Available data START
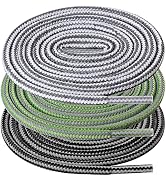UpUGo 3 Pair Boot Shoe Laces, Round Shoelaces for Athletic Running Hiking Sneakers Shoes Boot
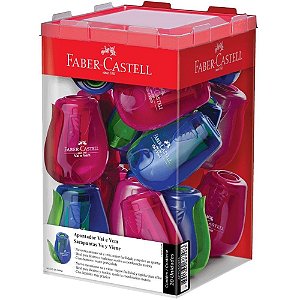 Apontador com deposito vai e vem 2 cores - faber-castell (dp.c/20)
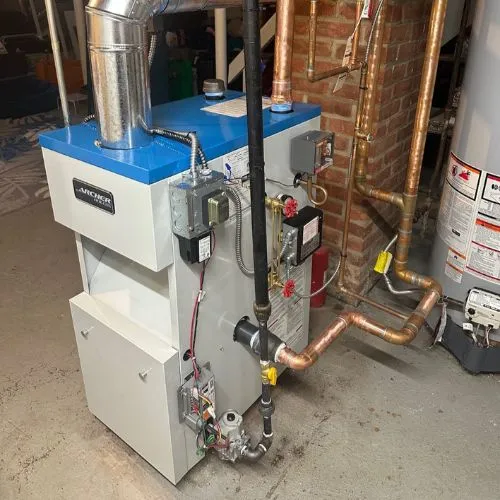 high efficiency boiler with copper pipes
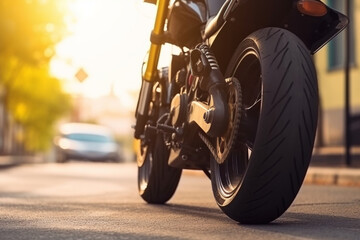 Rear wheel of sports motorcycle on road, Motorbike parked on a street, Freedom and travel concept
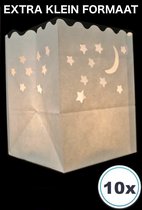 10 x KLEINE Candle bag MAAN EN STERREN, windlicht, papieren kaars houder, lichtzak, candlebag, mini candlebags, sfeerlicht, bedrukt, logo, foto,  theelicht, Volanterna®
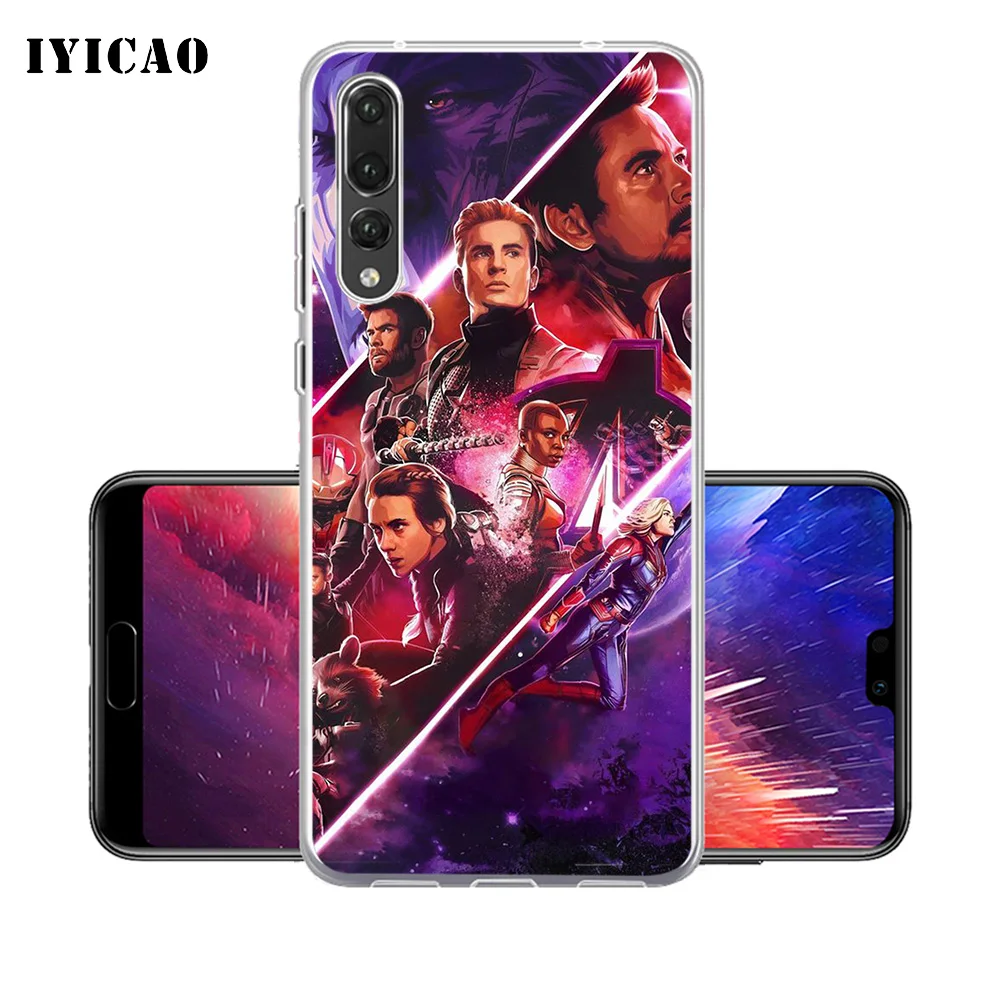 Мягкий силиконовый чехол для телефона IYICAO Avengers Endgame movie Huawei P30 P20 Pro P10 P9 P8 Lite P Smart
Available data END
• _What you should do_
The copy must start at the line containing "10 x KLEINE" and stop at the last line of the listing, both included, with every line exact and no pictures.

• _The completed task_
 10 x KLEINE Candle bag MAAN EN STERREN, windlicht, papieren kaars houder, lichtzak, candlebag, mini candlebags, sfeerlicht, bedrukt, logo, foto,  theelicht, Volanterna®
 Мягкий силиконовый чехол для телефона IYICAO Avengers Endgame movie Huawei P30 P20 Pro P10 P9 P8 Lite P Smart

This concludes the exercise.